The engine also pulls, and that's the key word here, "pulls" vacuum from the headlights. I don't see how oil could migrate forward, against the vacuum.
.
The check valve in the vacuum was bad. So air would flow from the intake into the lines going to the vacuum tank and towards the headlights on shut down. Often one of my headlights would rise, and i had to restart the engine to try and suck it down again. Not fun to park with a lazy eye.
take off oil filler cap while engine is running. a little blow by is normal. if it looks like the exhaust pipe, rings are done. a bunch of engines got ring jobs with cheap cast iron rings that last about 10k miles. i re-ringed a mustang and sold it. 40 years ago when u could buy a 69 for 500 bucks and make money selling it for 1800. he came back a year later with huge blow by. he brought a used engine and i put in for him. but a vette done this way in the 70's or 80's may take 30 years to get a years worth of daily driver miles.
But why would the engine need new rings during the 80s?
From what i can tell from Carfax, its a one owner car during its lifespan in the US. Not sure if new owners are registered over there?
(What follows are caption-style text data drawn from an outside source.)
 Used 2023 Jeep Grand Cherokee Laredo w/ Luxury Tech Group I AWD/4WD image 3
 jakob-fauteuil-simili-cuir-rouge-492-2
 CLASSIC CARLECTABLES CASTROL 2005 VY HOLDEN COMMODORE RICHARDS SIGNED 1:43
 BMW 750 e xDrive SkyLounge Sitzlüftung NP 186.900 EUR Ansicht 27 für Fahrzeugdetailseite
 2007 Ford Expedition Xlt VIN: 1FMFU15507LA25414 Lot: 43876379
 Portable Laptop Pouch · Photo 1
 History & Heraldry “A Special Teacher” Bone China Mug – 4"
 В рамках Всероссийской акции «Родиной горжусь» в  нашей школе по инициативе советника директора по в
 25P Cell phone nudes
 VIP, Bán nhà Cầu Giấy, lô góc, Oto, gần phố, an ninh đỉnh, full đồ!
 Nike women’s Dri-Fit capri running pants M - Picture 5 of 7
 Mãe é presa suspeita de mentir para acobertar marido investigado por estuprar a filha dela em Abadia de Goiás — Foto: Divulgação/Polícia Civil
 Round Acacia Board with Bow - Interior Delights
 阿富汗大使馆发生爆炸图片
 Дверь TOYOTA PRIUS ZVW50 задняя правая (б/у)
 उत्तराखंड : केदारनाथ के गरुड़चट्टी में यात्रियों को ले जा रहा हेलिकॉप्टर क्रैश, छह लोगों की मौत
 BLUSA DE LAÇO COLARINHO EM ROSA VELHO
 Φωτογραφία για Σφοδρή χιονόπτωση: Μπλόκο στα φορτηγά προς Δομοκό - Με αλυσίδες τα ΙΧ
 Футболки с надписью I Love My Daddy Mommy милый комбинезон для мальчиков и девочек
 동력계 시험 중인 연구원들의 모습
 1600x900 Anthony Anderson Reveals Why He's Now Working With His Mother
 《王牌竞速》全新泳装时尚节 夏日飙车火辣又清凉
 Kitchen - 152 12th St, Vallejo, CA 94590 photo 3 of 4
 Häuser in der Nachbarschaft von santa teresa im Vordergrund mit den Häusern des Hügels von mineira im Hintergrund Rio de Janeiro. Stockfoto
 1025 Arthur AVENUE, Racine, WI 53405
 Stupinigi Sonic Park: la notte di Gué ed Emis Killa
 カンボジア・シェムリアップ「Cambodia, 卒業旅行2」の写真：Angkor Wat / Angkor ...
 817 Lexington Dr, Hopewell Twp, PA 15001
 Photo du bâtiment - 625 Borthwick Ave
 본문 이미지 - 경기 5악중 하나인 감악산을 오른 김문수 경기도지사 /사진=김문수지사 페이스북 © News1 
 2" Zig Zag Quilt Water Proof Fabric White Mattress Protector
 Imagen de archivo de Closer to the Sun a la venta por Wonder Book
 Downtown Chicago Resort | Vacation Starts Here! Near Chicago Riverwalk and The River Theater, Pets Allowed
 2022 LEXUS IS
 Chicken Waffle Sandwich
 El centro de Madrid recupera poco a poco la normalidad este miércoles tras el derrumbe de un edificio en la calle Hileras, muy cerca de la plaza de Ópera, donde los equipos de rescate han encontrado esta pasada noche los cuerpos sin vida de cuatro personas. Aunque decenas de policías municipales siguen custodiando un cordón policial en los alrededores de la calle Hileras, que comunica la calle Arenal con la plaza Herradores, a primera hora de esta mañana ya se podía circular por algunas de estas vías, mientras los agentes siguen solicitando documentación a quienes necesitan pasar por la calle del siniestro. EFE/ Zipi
All new owners in Norway shows up.
The car has been sitting alot, and only has 49k miles. Carfax shows it was kept on the road however, and driven 300 miles a year for almost 10 years 99-07, but still kept emissions checks and tags on. I guess the cold starts where oil jas returnere to the pan does give excessive engine wear.
I think you should reconsider putting off this engine work for a few years.
Really sounds like the time is now.
Or, park the car until you can afford to repair it correctly.
Its parked for now while waiting on new trailing arms.
Im going to check into it during winter and see if i discover issues.
There is also no pressure coming from the oil fill cap or the dipstick tube. Literally nothing. No smoke, no air, nothing.
There was also no smoke coming from the exhaust. Started up clean, clear exhaust. After a minute it had a brief foggy exhaust and condensation dripping from each pipe, then clear again.
This might be because last time i used it, i only moved it slightly. Less oil to be burnt in the cylinders perhaps?
It idles at 600rpm, a little rough, but this could be vacuum loss in the TBIs, or emissions equipment. Rock hard gaskets so ive gotten a gasket rebuild kit already.
Im still going to swap out the valve stem seals, already bought them and adjusting valves is not bad to do when you dont know how long ago it was last done.
So i started it up now, expecting smoke. Nothing.
This might be because last time i used it, i only moved it slightly. Less oil to be burnt in the cylinders perhaps?
When the valve seals were going bad on my '85 It would take it sitting for a few days before I saw the puff of smoke on startup.